The same logic applies to regular gates on surfaces that will be completely covered by other parts. Check your instructions - if a piece is sandwiched between two other parts or sits against a frame, a quick cleanup is all it needs.
Common Mistakes to Avoid
Cutting flush on the first pass. This is the number one mistake. Always use two cuts minimum. The time you save trying to do it in one cut, you'll spend three times over trying to fix the stress mark - or worse, the gouge where you overcut into the part.
Using dull blades. A dull hobby knife requires more pressure, which means less control and more stress on the plastic. Swap blades frequently - they're cheap, and a fresh blade cuts cleaner and safer.
Skipping grits when sanding.
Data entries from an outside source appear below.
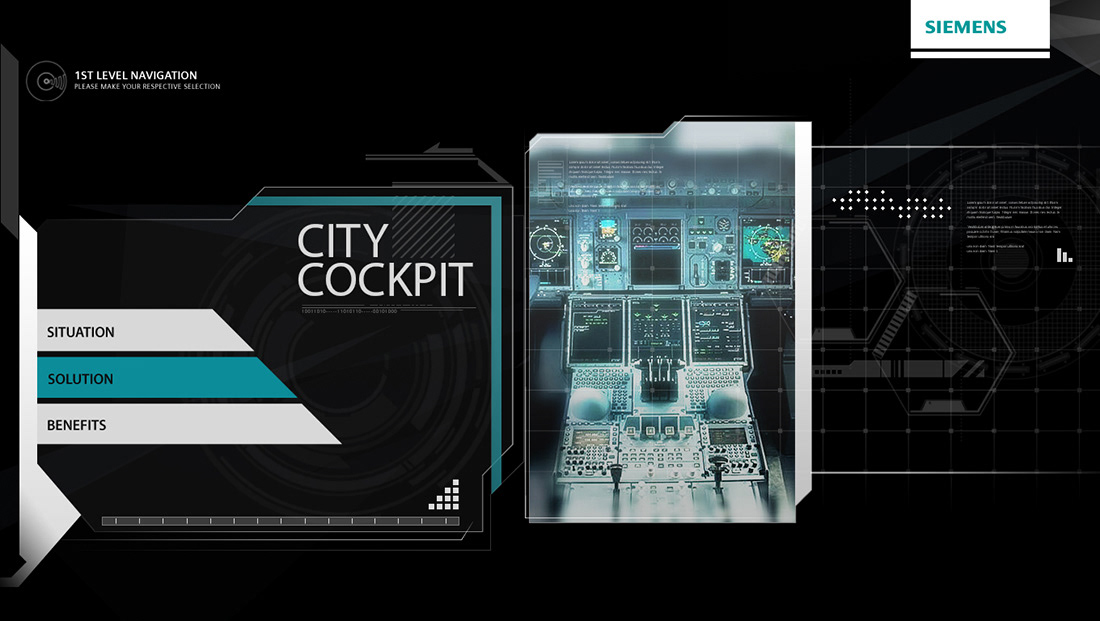ui design interface for Siemens smart city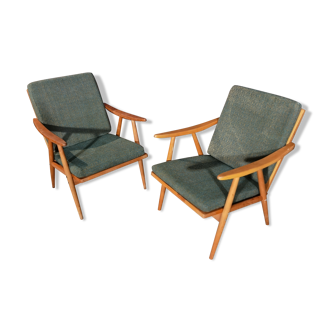 Pair of Ton Thonet Boomerang  chairs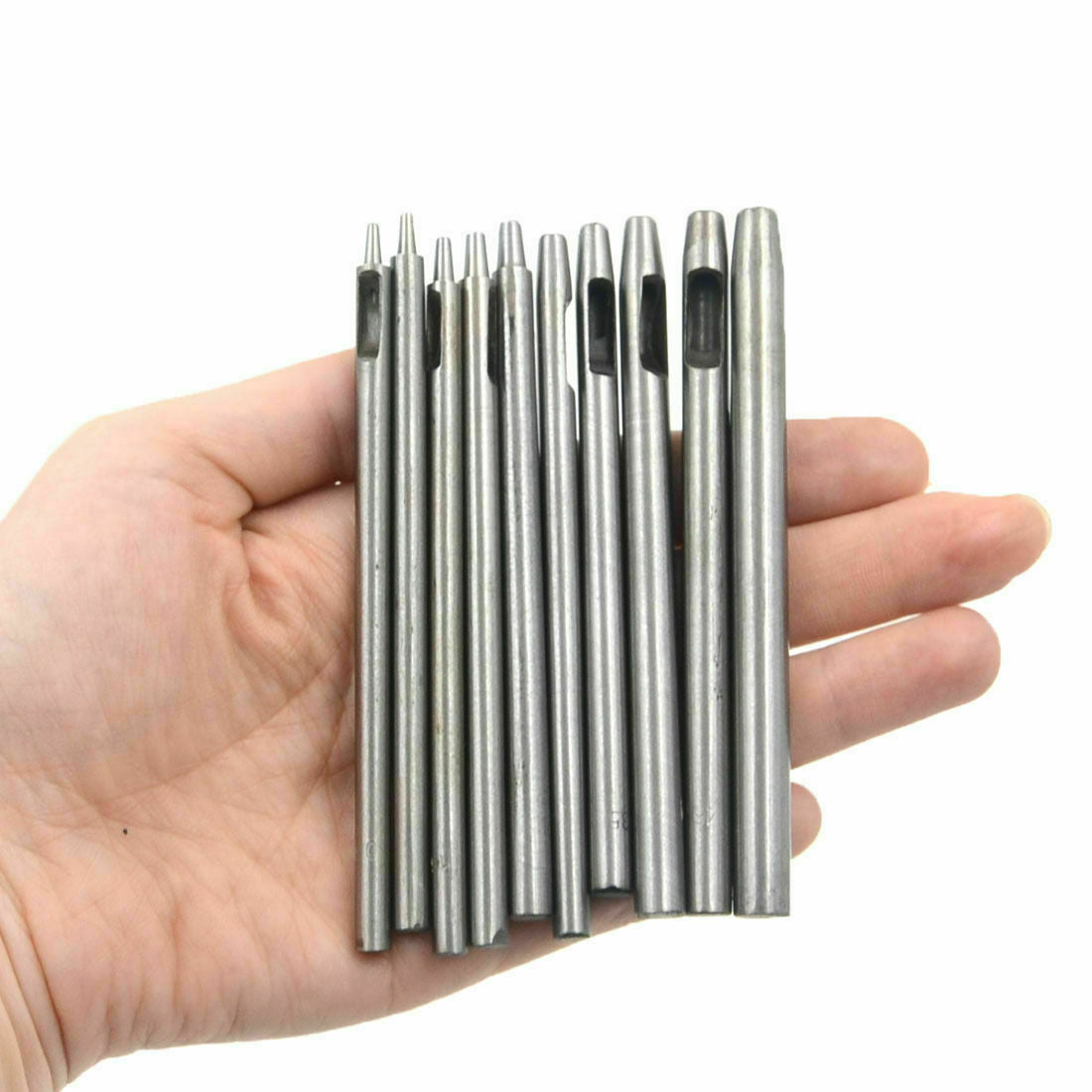 10pcs HOLLOW PUNCH SET CUTS HOLES IN LEATHER PLASTIC RUBBER GASKET VINYL PAPER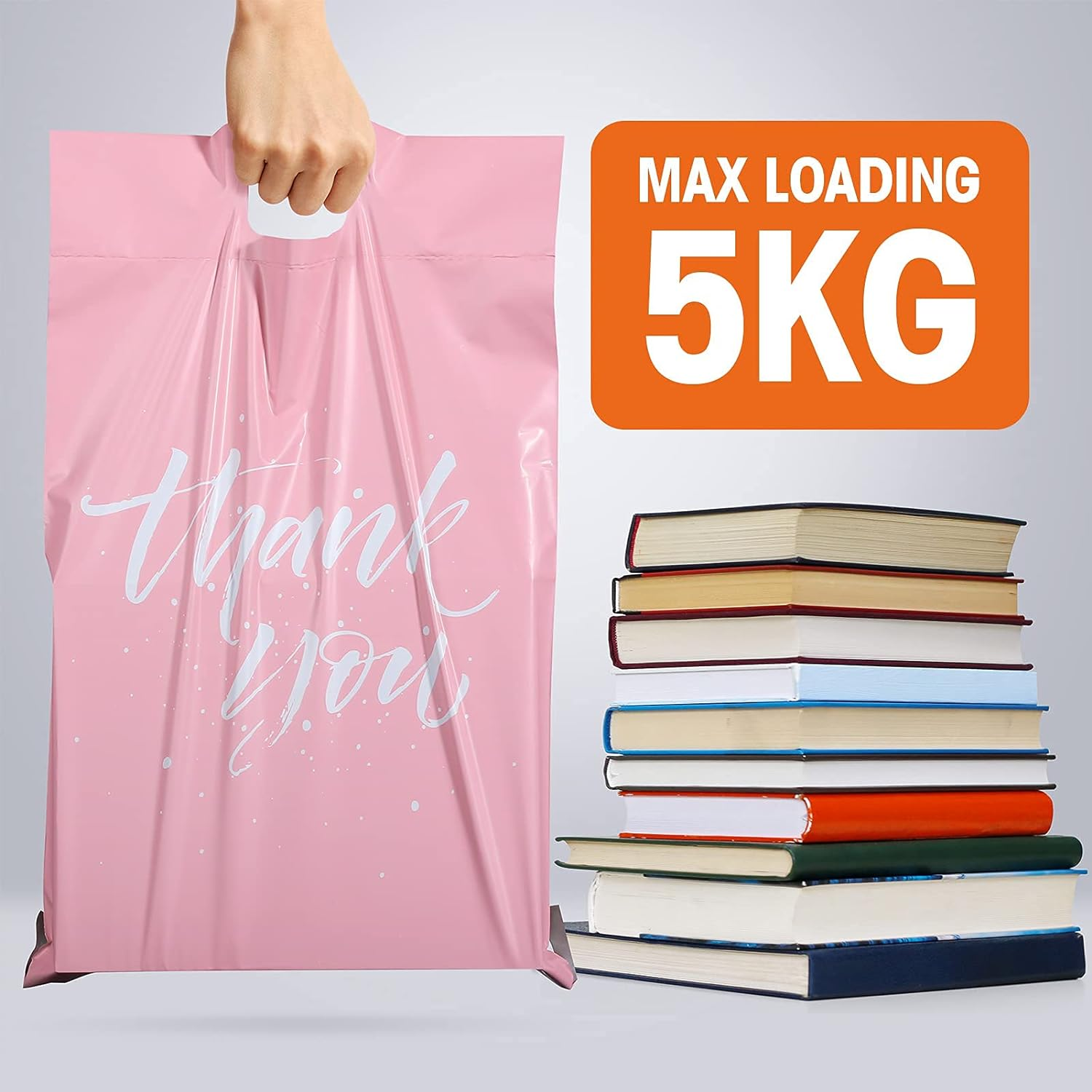 Switory 100Pcs Parcel Bags for Posting Clothes 305X394Mm Postal Bags Shipping Bags with Handle Mailing Bags for Clothing Posting Bags with Self Adhesive 12X15.5 Package Bags Pink - Thank You Design image number 1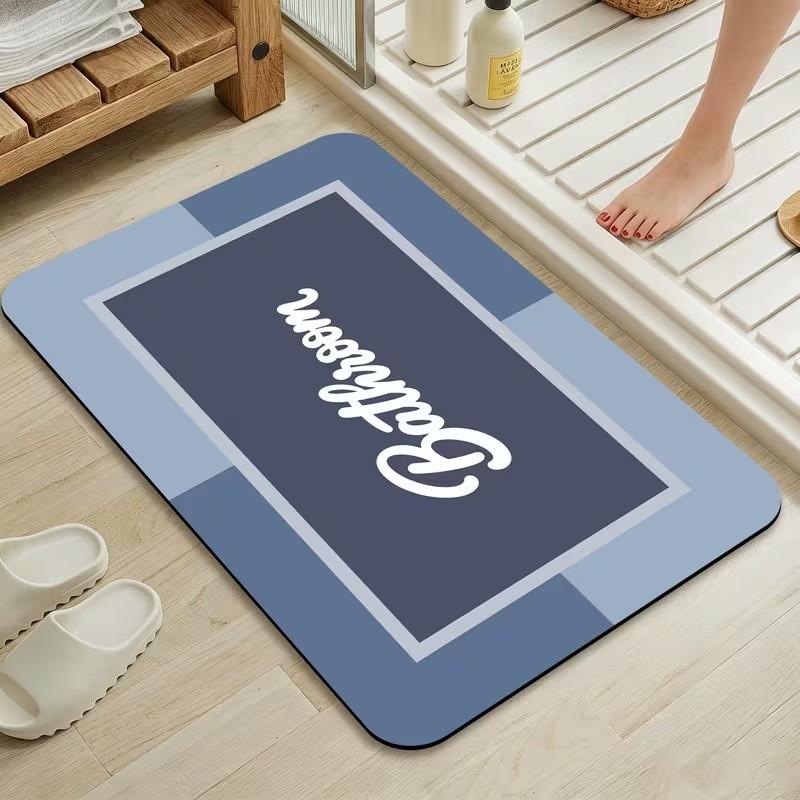 Minimalist European Style Diatomite Bath Mat Shower Floor Entryway Non-Slip Absorbent Bathroom Rug
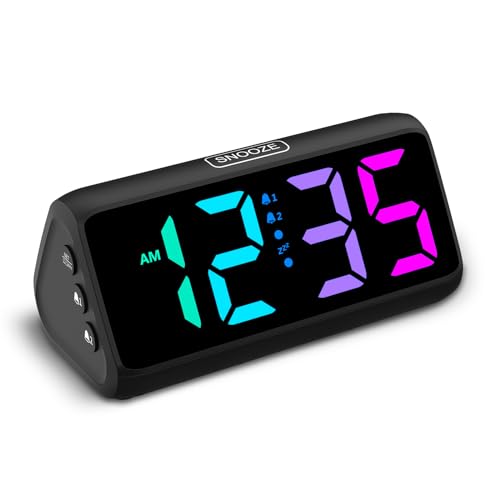 Netzu Loud Alarm Clock for Heavy Sleepers, RGB Alarm Clocks for Bedrooms Seniors Kids, Plug in Digital Clock with 5 Dimmers, 2 Alarms, 4 Volumes and Snooze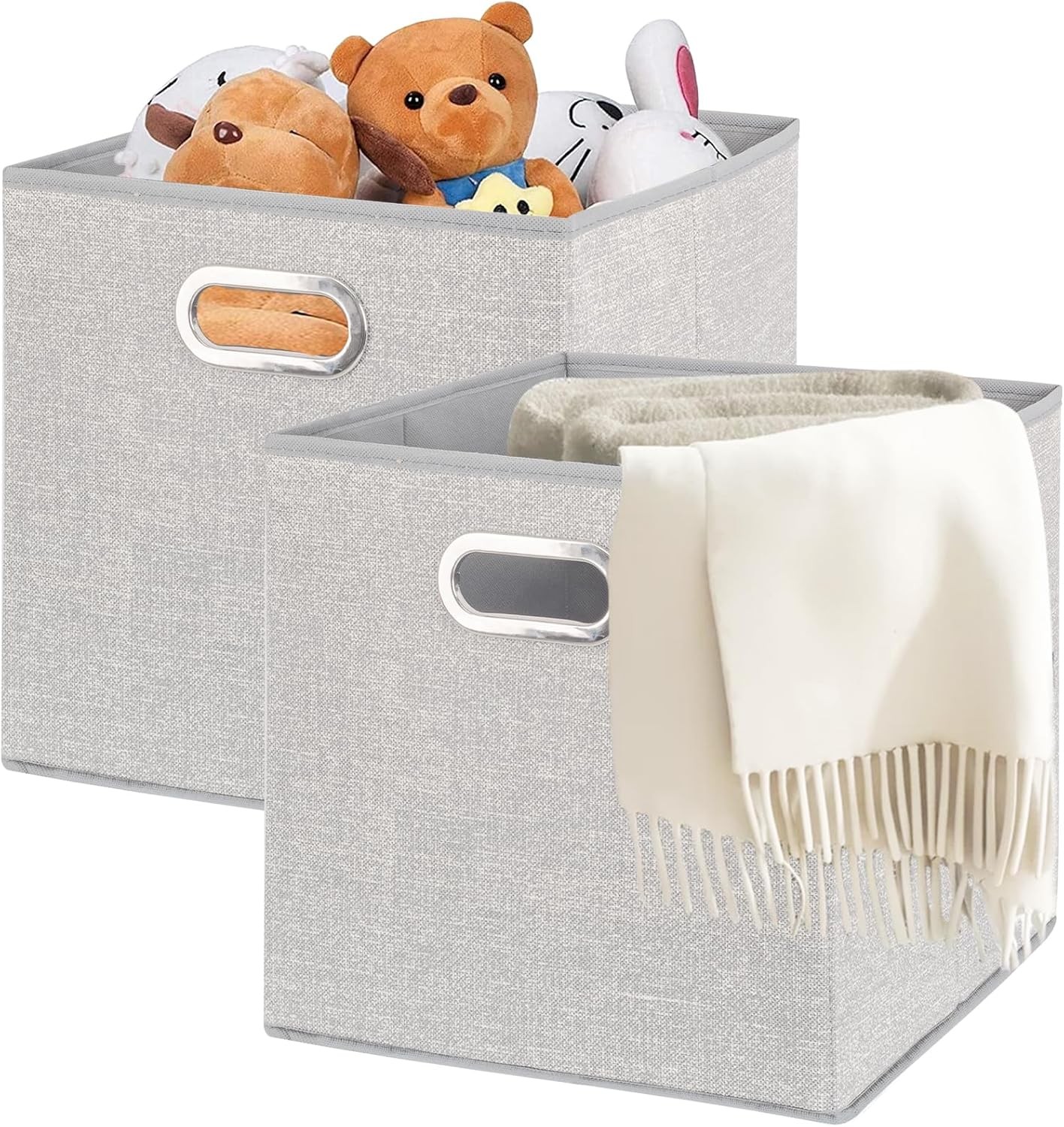 2 Pack Foldable Storage Boxes, 20L Non-Woven Fabric Storage Cubes with Handles,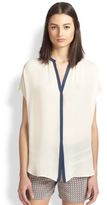 Thumbnail for your product : Vince Contrast Placket Silk Blouse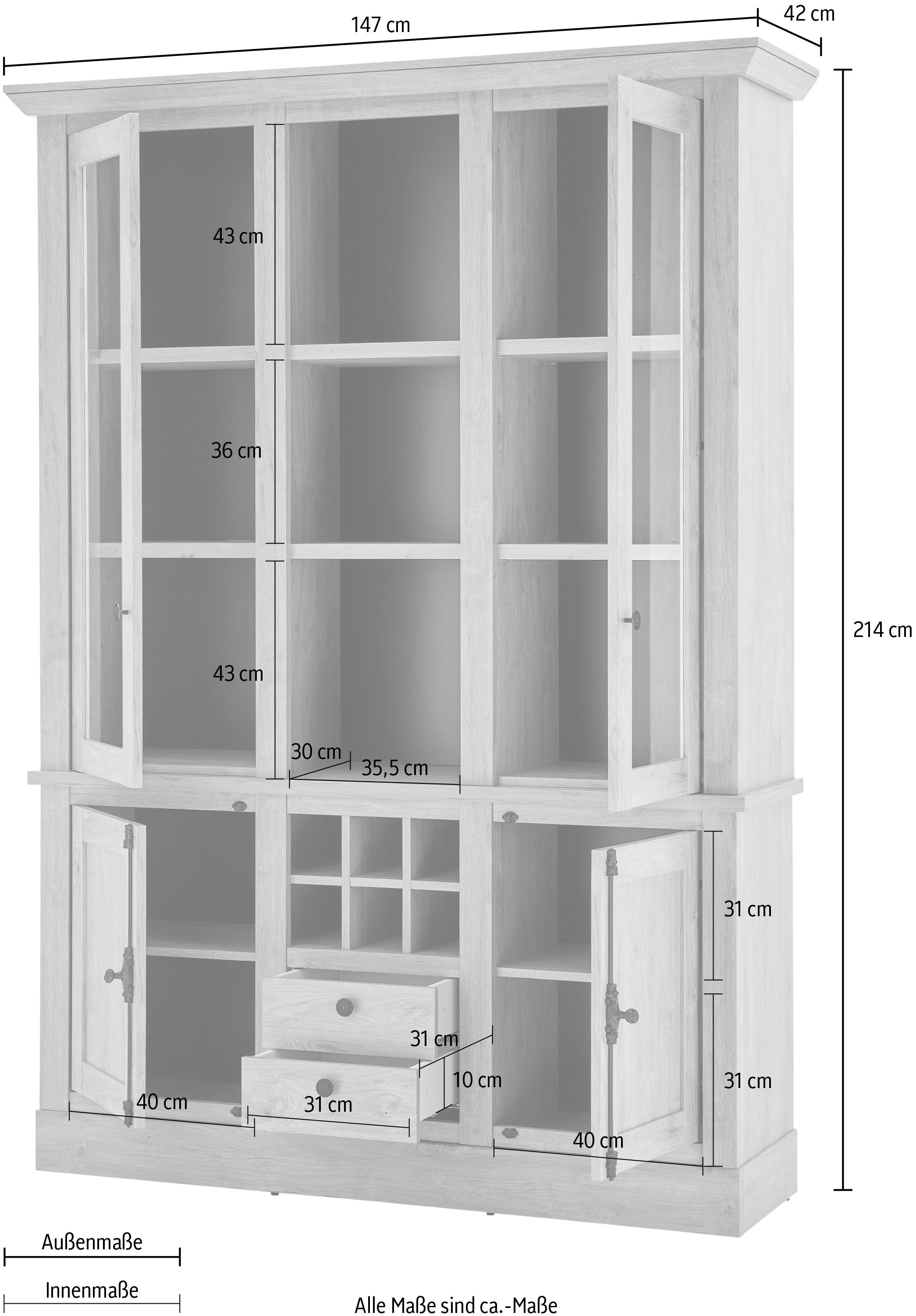 Home affaire Vitrine »Cornwall, Hochschrank im Landhausstil, Glasvitrine, Eiche Dekor«, (1 St.), Metallgriffe, 147 cm breit, viel Stauraum, in zwei Größen verfügbar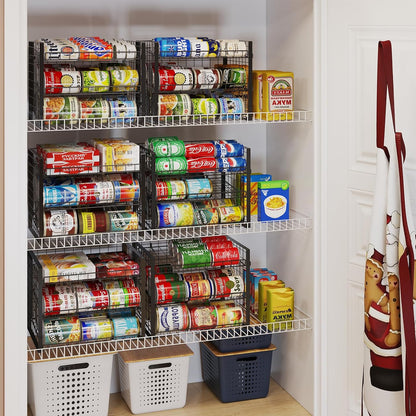 2-Tier Stackable Rack Organizer for Pantry, Adjustable Dispenser Holds Up to 120 Cans, Storage Holder for Various Ounces of Canned Drinks, Black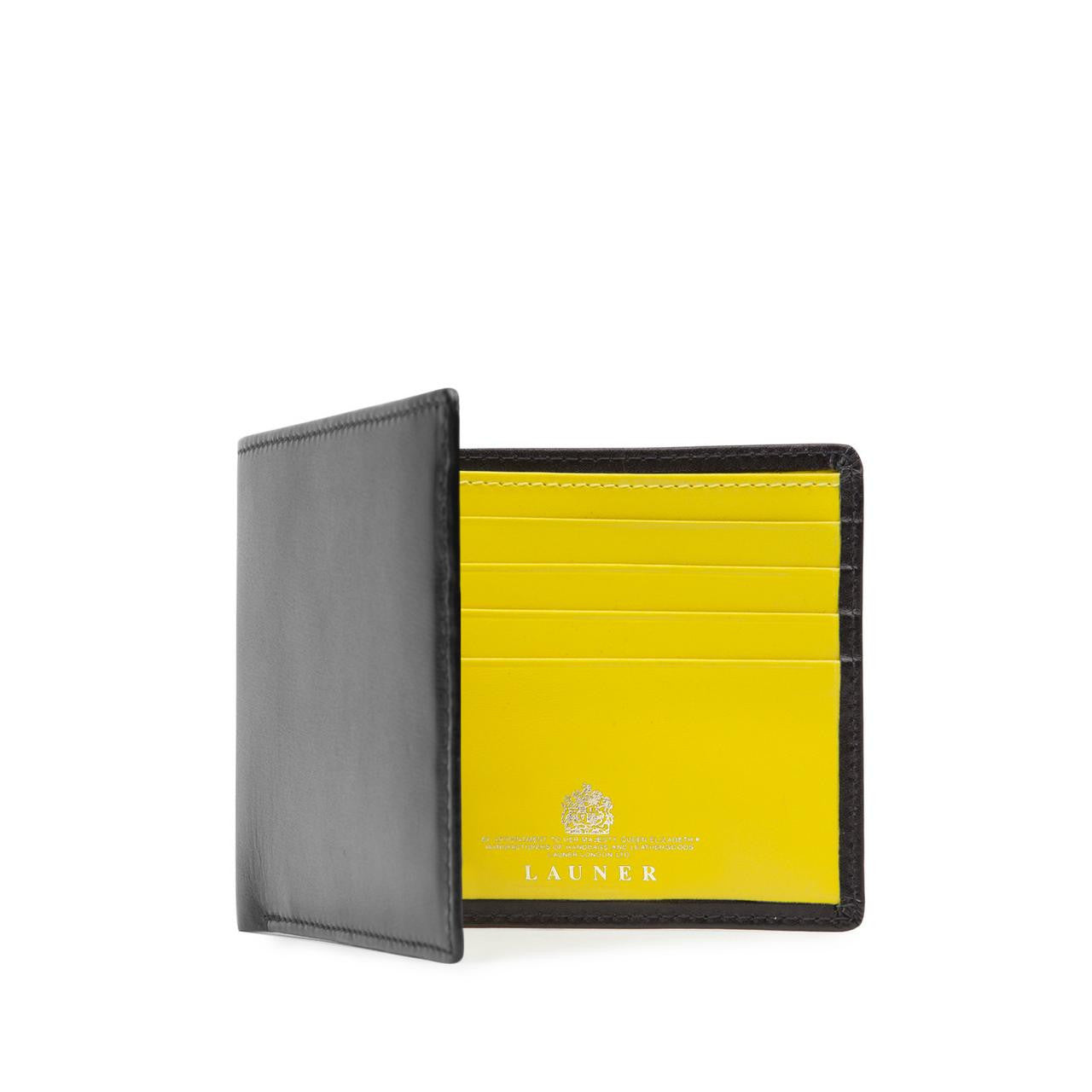 Launer Eight Credit Card Wallet, Black/Chrome Yellow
Jumping from 400 grit straight to 2000 doesn't work. Each grit level exists to remove the scratch pattern from the previous one. Skip steps and you'll be left with visible scratches that no amount of fine-grit polishing will remove.
Ignoring nubs on hidden surfaces. You'd be surprised how often a nub on a "hidden" surface actually prevents a part from fitting properly. Even if it won't be visible, check that nubs on connection points and peg surfaces are cleaned up.
Putting It All Together
Nub removal is one of those skills that feels slow and tedious at first but becomes nearly automatic with practice. Your first few kits might take longer because you're being careful (which is the right approach), but by kit number five or six, you'll have a rhythm. The two-cut method, a few passes with the hobby knife, quick progression through your sanding sticks - the whole process starts taking seconds per part instead of minutes.
If you're just getting started with Gunpla, understanding nub removal alongside how to read instruction symbols and choosing the right grade for your skill level will set you up for clean builds from the start. And once you've got nub removal down, the next steps - panel lining and top coating - will take your builds from clean to genuinely impressive.